Within the records below, reproduce without change the lines from the line that has "A clear mason" through the line that has "A glass bowl", and only those.

# RECORDED DATA:
▽

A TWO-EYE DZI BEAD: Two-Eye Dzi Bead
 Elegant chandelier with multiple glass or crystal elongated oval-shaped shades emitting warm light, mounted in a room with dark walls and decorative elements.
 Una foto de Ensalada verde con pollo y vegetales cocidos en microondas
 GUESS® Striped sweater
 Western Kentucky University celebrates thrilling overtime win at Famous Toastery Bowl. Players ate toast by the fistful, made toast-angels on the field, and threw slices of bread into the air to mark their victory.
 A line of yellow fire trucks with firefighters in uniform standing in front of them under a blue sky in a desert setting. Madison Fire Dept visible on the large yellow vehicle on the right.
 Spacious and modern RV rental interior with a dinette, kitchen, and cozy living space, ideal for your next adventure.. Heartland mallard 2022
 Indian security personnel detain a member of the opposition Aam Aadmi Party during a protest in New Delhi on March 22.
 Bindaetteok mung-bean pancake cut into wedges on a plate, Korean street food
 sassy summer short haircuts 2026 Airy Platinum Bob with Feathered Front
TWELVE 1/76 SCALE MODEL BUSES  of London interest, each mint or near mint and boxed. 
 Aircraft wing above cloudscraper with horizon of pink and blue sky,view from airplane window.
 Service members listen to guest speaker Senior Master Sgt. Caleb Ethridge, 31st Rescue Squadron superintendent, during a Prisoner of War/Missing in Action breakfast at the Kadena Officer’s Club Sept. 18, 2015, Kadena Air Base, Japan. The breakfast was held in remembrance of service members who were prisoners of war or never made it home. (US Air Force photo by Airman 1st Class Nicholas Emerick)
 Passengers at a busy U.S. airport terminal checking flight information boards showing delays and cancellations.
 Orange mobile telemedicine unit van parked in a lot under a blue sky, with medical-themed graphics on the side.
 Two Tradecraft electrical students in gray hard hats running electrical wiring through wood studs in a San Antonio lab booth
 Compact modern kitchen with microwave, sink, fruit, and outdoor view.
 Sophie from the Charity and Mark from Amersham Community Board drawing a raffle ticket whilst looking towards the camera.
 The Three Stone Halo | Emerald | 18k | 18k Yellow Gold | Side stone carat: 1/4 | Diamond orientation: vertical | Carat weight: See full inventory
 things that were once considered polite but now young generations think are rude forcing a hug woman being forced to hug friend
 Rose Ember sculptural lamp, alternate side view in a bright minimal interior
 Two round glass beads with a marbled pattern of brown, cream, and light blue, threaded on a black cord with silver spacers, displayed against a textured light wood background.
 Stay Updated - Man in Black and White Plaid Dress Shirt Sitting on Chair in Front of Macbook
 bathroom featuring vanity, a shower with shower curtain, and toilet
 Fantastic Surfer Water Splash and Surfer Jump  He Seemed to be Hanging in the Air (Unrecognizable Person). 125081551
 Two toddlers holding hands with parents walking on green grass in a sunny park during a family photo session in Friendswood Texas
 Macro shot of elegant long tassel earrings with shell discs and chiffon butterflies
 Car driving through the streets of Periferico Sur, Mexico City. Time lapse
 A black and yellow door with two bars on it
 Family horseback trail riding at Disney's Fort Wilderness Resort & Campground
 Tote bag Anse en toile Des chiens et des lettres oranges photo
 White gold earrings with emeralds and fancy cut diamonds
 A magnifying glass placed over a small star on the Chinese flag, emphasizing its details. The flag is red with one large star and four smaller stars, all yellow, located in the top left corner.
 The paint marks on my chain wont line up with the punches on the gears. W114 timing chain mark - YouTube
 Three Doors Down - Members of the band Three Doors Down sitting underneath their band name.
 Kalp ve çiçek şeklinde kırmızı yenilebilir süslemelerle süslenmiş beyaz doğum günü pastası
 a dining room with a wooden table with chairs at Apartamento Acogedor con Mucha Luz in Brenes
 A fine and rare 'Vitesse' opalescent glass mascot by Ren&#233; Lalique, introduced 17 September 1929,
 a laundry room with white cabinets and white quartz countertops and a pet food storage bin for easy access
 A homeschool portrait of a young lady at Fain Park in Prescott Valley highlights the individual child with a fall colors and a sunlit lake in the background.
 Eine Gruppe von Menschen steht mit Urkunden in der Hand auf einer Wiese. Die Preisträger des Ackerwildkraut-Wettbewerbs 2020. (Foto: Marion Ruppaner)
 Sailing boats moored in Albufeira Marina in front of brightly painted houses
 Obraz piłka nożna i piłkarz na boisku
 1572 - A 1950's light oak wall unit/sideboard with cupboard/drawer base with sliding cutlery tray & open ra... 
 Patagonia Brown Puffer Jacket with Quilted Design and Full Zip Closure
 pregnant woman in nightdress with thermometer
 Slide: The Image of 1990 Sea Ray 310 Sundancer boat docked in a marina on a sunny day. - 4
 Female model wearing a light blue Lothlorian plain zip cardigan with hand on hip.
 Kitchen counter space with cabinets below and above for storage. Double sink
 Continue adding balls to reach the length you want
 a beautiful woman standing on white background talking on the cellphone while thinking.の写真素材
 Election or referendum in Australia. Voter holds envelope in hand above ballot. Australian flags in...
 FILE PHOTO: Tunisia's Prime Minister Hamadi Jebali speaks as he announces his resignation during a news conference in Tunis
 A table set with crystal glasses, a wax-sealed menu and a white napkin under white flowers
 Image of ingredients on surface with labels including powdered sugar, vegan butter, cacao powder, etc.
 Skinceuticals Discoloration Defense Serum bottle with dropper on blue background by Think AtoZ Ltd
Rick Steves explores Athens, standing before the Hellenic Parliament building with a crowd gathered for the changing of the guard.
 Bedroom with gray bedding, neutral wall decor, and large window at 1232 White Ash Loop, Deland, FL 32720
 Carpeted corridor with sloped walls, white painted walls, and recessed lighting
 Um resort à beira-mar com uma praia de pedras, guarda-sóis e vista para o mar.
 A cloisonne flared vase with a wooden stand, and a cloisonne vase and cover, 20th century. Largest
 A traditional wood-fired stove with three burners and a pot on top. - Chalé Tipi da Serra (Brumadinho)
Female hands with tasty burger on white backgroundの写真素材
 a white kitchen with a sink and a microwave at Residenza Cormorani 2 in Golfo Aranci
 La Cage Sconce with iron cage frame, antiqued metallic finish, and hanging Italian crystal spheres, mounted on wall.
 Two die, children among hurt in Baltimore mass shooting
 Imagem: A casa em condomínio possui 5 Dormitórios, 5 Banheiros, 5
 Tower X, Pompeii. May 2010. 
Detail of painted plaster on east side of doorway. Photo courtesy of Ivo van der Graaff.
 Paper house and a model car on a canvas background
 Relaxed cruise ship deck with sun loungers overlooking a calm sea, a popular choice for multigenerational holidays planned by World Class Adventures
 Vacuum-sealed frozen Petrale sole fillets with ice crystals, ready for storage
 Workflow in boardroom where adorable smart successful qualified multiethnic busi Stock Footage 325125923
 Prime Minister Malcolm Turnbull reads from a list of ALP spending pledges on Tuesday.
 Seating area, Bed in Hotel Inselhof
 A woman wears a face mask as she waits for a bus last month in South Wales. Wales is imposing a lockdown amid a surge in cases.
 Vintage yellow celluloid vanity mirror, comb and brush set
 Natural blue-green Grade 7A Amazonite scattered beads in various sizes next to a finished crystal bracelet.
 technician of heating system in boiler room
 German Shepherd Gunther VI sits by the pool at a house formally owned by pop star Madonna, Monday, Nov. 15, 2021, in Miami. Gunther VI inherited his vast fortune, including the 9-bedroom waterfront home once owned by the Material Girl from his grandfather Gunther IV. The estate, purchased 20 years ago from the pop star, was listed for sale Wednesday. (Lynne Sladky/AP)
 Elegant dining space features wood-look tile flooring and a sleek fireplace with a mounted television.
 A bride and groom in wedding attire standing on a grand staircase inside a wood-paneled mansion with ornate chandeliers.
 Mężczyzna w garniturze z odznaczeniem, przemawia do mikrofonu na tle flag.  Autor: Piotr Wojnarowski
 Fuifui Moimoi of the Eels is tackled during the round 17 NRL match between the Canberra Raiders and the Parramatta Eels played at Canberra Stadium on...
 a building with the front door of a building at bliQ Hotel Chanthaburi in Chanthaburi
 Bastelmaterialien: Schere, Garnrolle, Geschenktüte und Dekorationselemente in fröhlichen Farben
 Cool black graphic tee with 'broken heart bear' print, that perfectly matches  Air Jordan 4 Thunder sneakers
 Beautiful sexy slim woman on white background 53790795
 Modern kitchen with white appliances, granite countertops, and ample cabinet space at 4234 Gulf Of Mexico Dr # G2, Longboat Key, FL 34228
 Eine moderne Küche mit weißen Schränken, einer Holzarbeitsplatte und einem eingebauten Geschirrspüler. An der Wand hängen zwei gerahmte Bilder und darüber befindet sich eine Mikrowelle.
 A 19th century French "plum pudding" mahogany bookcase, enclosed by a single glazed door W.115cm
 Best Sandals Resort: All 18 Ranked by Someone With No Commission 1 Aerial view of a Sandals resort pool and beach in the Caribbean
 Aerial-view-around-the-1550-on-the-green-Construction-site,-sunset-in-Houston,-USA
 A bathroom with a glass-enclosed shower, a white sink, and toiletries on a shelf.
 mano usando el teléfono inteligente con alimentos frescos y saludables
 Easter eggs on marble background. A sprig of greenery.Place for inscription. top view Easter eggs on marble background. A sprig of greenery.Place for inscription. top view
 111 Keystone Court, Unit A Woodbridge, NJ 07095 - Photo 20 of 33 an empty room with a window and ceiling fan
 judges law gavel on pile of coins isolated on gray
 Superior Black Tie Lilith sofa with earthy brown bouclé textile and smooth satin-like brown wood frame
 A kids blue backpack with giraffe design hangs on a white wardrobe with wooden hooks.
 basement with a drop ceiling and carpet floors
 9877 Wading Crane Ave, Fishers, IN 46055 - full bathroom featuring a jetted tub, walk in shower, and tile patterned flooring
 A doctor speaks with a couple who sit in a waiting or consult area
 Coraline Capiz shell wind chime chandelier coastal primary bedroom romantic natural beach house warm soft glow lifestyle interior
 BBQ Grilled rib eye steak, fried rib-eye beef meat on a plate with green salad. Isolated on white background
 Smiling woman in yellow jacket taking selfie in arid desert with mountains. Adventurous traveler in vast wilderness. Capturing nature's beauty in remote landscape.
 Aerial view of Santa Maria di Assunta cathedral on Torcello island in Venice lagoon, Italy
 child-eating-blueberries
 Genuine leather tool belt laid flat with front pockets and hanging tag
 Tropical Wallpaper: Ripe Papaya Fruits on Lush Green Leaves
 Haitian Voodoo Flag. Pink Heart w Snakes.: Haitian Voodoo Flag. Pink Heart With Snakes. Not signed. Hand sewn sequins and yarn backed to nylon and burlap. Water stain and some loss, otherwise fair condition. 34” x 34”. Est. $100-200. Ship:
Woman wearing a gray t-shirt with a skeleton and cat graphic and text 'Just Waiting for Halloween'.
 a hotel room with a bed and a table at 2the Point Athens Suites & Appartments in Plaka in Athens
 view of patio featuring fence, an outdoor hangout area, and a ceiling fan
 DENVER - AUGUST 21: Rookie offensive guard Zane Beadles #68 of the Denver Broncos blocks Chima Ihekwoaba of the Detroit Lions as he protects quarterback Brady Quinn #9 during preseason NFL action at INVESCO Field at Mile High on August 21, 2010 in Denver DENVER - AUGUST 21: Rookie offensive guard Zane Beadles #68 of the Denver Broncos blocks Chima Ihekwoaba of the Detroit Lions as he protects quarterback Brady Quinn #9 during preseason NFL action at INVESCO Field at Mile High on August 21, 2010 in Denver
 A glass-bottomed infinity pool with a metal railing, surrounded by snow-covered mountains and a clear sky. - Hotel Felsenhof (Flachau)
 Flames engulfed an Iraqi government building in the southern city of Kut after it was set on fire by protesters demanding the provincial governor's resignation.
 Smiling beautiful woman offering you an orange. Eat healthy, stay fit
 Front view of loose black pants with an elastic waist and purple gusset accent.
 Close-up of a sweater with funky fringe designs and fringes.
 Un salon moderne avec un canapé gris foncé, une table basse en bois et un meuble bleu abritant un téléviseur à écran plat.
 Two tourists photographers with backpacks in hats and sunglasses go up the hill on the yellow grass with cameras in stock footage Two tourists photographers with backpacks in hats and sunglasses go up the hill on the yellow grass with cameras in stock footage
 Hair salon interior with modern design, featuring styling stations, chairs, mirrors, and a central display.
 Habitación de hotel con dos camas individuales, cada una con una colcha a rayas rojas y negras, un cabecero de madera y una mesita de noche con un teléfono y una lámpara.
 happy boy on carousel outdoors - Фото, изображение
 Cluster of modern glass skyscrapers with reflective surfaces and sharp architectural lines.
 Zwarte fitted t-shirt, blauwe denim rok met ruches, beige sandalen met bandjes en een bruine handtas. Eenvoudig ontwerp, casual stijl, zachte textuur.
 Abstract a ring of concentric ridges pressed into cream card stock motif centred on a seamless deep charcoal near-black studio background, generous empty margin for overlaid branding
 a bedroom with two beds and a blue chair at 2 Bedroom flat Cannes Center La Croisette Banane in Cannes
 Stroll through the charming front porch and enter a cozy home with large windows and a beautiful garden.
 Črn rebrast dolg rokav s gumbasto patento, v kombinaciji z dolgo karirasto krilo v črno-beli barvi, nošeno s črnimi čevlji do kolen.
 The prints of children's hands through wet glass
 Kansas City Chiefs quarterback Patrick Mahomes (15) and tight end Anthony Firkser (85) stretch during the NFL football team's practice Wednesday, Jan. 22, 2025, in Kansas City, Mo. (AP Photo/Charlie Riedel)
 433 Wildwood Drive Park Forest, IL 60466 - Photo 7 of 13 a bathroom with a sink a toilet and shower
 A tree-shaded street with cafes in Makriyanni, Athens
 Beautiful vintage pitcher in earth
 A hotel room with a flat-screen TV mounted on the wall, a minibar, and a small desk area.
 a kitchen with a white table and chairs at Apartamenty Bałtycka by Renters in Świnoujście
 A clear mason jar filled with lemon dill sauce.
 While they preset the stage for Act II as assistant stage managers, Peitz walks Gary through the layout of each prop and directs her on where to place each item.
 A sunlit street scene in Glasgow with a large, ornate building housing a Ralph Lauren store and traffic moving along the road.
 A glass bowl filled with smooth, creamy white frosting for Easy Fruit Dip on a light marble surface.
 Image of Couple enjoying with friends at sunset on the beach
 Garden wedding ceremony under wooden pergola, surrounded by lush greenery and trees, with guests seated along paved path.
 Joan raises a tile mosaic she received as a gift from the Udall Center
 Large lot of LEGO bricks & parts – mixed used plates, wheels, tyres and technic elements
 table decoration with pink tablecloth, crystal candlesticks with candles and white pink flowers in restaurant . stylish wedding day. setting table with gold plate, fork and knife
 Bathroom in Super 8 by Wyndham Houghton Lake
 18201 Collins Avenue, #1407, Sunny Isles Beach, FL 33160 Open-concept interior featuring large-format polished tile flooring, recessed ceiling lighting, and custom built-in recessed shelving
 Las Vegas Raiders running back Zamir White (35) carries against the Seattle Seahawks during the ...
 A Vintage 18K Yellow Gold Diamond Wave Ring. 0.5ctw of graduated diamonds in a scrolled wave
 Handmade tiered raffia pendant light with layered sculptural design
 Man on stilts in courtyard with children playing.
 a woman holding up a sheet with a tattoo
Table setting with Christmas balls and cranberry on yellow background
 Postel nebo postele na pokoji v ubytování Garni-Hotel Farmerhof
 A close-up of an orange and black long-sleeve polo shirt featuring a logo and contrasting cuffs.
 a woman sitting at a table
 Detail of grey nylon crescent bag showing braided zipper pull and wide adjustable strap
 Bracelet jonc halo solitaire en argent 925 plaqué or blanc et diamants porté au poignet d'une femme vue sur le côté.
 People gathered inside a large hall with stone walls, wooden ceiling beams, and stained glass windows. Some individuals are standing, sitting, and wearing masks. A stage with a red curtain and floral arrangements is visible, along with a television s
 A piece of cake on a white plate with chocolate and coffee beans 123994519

△

# WRITTEN RESPONSE:
 A clear mason jar filled with lemon dill sauce.
 While they preset the stage for Act II as assistant stage managers, Peitz walks Gary through the layout of each prop and directs her on where to place each item.
 A sunlit street scene in Glasgow with a large, ornate building housing a Ralph Lauren store and traffic moving along the road.
 A glass bowl filled with smooth, creamy white frosting for Easy Fruit Dip on a light marble surface.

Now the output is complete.